Die konfessionslose Sozialpädagogin Vera Egenberger hatte sich 2013 bei der Diakonie als Referentin für ein Projekt zu Antirassismus beworben. Trotz passender fachlicher Qualifikationen wurde sie nicht zum Bewerbungsgespräch eingeladen. Sie machte deshalb Schadensersatz wegen Diskriminierung aufgrund ihrer fehlenden Religionszugehörigkeit nach dem Allgemeinen Gleichbehandlungsgesetz (AGG) geltend, weil die Diakonie als evangelischer Verein in der Stellenausschreibung eine Zugehörigkeit zur evangelischen Kirche verlangt hatte. 2018 obsiegte Egenberger mit ihrer Schadensersatzforderung vor dem Bundesarbeitsgericht (BAG). Zunächst hatte der Europäische Gerichtshof (EuGH), den das BAG angerufen hatte, entschieden, dass Religionsgemeinschaften eine Religionszugehörigkeit nur zum Einstellungskriterium machen dürften, wenn sie „nach der Art der Tätigkeiten oder den Umständen ihrer Ausübung eine wesentliche, rechtmäßige und gerechtfertigte berufliche Anforderung“ darstelle.
Eine solche Anforderung konnte das BAG für die Referentin-Stelle in dem Projekt „Parallelberichterstattung zur UN-Antirassismuskonvention“ nicht erkennen und sprach Vera Egenberger deshalb Schadensersatz nach dem AGG in Höhe von 3.915,46 Euro zu.

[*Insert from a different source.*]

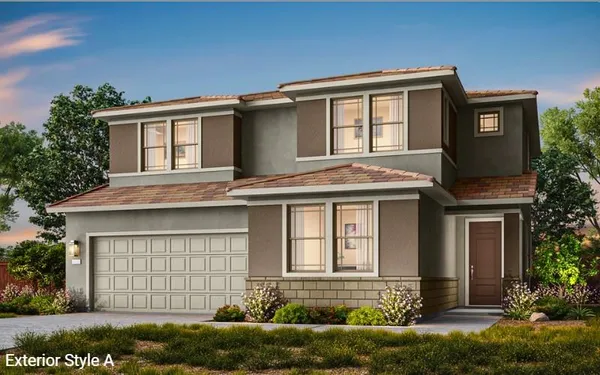 front view of a house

Das BVerfG hob nun diese Entscheidung des BAG aufgrund der Verfassungsbeschwerde des Diakonischen Werkes auf. Das BAG wird deshalb abermals im Fall Egenberger entscheiden müssen.

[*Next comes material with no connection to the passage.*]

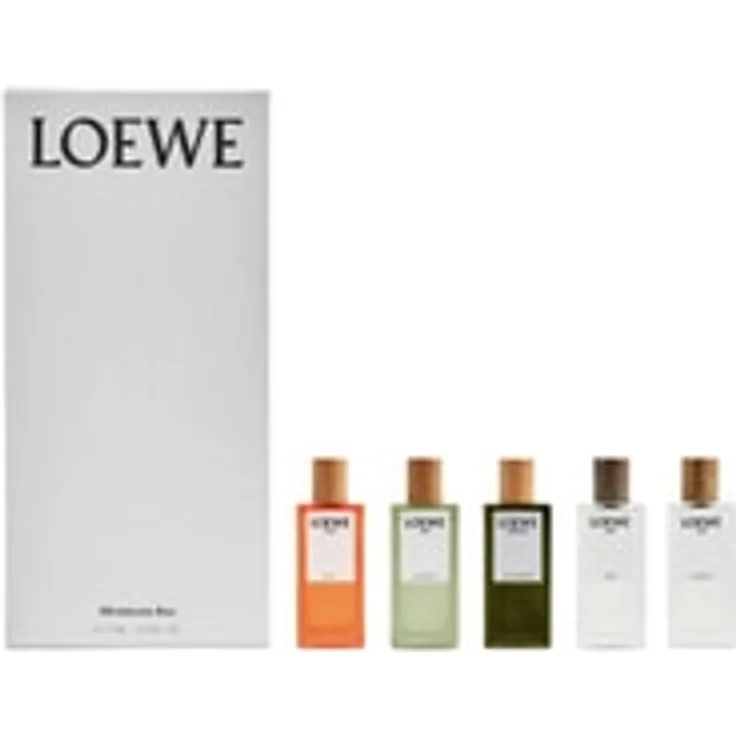 LOEWE Miniature Set X-MAS 2025, Unisex Duftset mit 5x7 ml Parfums aus der Botanical Rainbow Kollektion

Das Diakonische Werk hatte Verfassungsbeschwerde erhoben, weil es sich in seinem „Selbstbestimmungsrecht“ nach Art. 140 Grundgesetz in Verbindung mit Art. 137 Abs. 3 Weimarer Rechtsverfassung verletzt sah. Danach dürfen Religionsgemeinschaften ihre Angelegenheiten „selbständig innerhalb der Schranken des für alle geltenden Gesetzes“ ordnen und verwalten.

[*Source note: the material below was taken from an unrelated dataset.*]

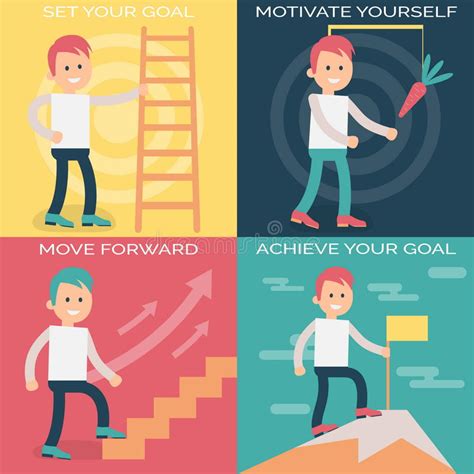 Psychology Terms Illustrations For Personal Growth Stock ...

Das BVerfG entschied, dass das BAG dieses kirchliche Selbstbestimmungsrecht nicht ausreichend berücksichtigt habe. Der Religionsgemeinschaft obliege es, die Notwendigkeit der Kirchenzugehörigkeit für die konkret betroffene Tätigkeit plausibel darzulegen. Die Gerichte müssten diese Darlegung kontrollieren, dürften aber nicht ihre Wertung anstelle der kirchlichen Wertung setzen. Das habe aber das BAG getan.
Die Bürgerrechtsorganisation Humanistische Union begrüßt zwar, dass das BVerfG europarechtsfreundlich entscheidet, indem es das Selbstbestimmungsrecht der Kirchen nicht mehr wie zuvor nahezu schrankenlos gelten lässt. „Unverständlich ist aber, warum das BVerfG es für möglich hält, dass für die Erstellung eines Antirassismus-Berichts die Kirchenzugehörigkeit eine plausible Anforderung ist“, sagt Dr. Kirsten Wiese, Beirätin der Humanistischen Union. „Das eröffnet den Kirchen die Möglichkeit, auch für augenscheinlich verkündungsferne Stellen Religionszugehörigkeit zu verlangen.“
Seit dem Urteil des BAG von 2018 verzichteten zwar viele kirchliche Träger auf die Anforderung der Kirchenzugehörigkeit in ihren Stellenausschreibungen. Allerdings sind die circa 1,8 Millionen Beschäftigten bei kirchlichen Trägern sowie die Bewerber*innen auf dem kirchlich dominierten sozialen Arbeitsmarkt weiterhin nicht frei von den Anforderungen „Kirchenmitgliedschaft und Loyalität zum christlichen Dienstherrn“.
Die Humanistische Union kritisiert schon lange dieses kirchliche Sonderarbeitsrecht und betont stetig, dass das vermeintliche Selbstbestimmungsrecht der Kirchen laut Wortlaut des Grundgesetzes nur ein Selbstverwaltungsrecht im Rahmen der für alle geltenden Gesetze sei.